Sevenson's claim that it reasonably relied on Matteson's assertions is further undermined because the record primarily references conversations regarding Matteson's production capabilities occurring after Sevenson had submitted its bid, and before execution of the PO. (Statement ¶ 38.) These meetings also reflect that Matteson was making no guarantees regarding its ability to process 12,000 cubic yards. (Pl.'s Ex. 13.)

Accordingly, this Court concludes that Sevenson could not have reasonably relied on any assertions Matteson allegedly made. Both parties are experienced business entities that knowingly entered into a contract that expressly provided that it was the sole agreement between them. (See Pl.'s Ex. 7.) That contract provided for an hour-based payment schedule. It did not contain a daily production average. Similarly, the only clear quote Matteson provided prior to Sevenson's bid submission also does not include a daily production average. Sevenson cannot now claim that a production schedule should be read into the parties' agreement. "[W]here, as here, an express provision in the written contract contradicts the claimed oral representations in a meaningful fashion . . . . the conflict between the provisions of the written contract and the oral representations negates the claim of reliance upon the latter." Bango v. Naughton, 584 N.Y.S.2d 942, 944, (N.Y. App. Div. 1992). Matteson's Motion for Summary Judgment on Sevenson's counterclaim will be granted.*fn8

C. Defendant's Cross-Motion for Sanctions

Sevenson asserts it is entitled to sanctions for Matteson's failure to retain WinOPS data. Sevenson argues that the parties' relationship provided Matteson with reasonable notice of the potential for litigation as early as September 2009, as evidenced by Sevenson's Notice of Potential Default/Termination to Matteson. (Def.'s Ex. 22.) Sevenson further argues that, knowing that litigation was reasonably foreseeable, Matteson failed to preserve the WinOPS data which allegedly included the only accurate record of Matteson's dredging operations. Matteson responds that it provided Sevenson with the WinOPS data throughout their relationship and that Sevenson expressed interest in this data only after Matteson filed its Motion for Summary Judgment.

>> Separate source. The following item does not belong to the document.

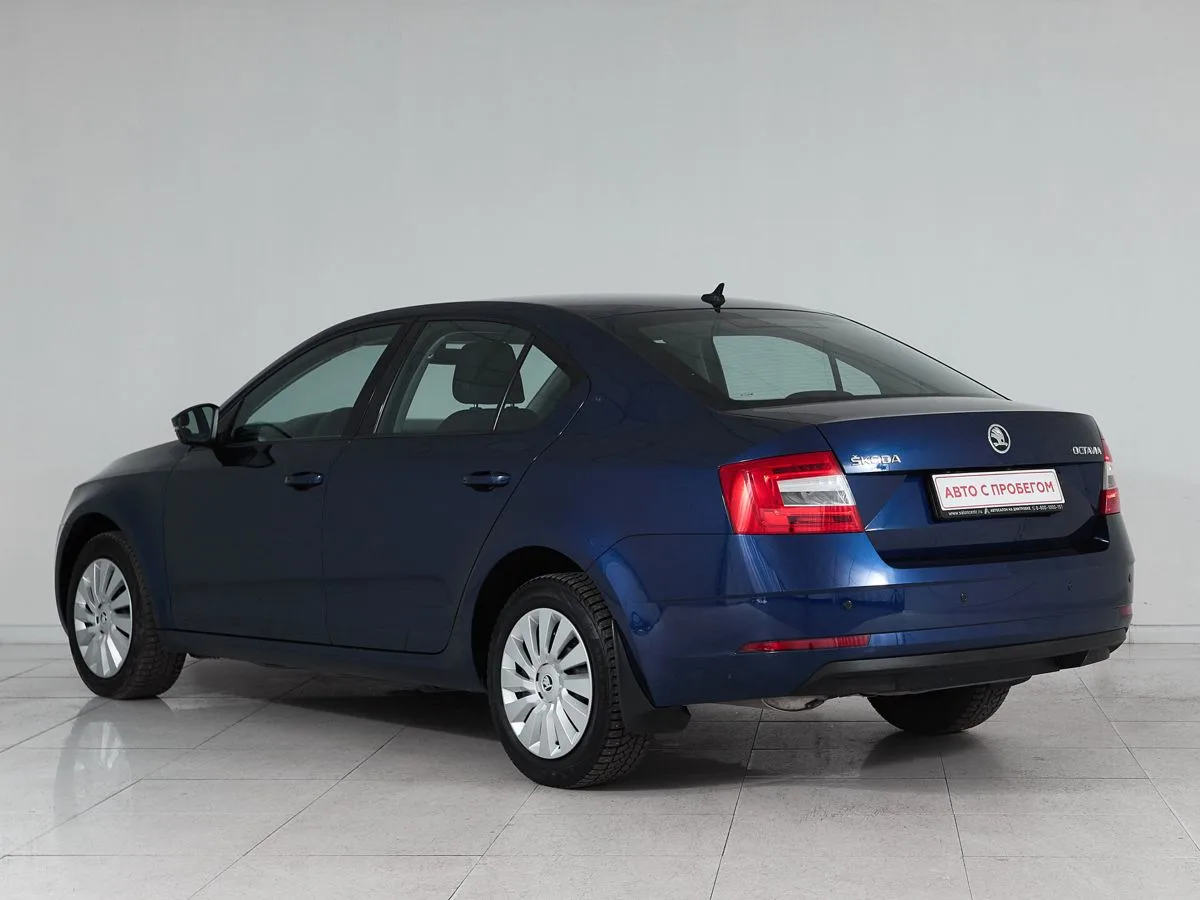 Skoda Octavia III (A7) Рестайлинг · Ambition — фото 4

A party seeking sanctions based on spoilation of evidence must establish that "(1) the party having control over the evidence had an obligation to preserve it at the time it was destroyed; (2) the records were destroyed with a culpable state of mind; and (3) the destroyed evidence was relevant to the party's claim or defense such that a reasonable trier of fact could find that it would support that claim or defense." Liberman v. FedEx Ground Package Sys., Inc., No. 09 CV 2423(RML), 2011 WL 145474, at *2 (E.D.N.Y. Jan. 18, 2011) (citing Zubulake v. UBS Warburg LLC, 229 F.R.D. 422, 430 (S.D.N.Y. 2004)).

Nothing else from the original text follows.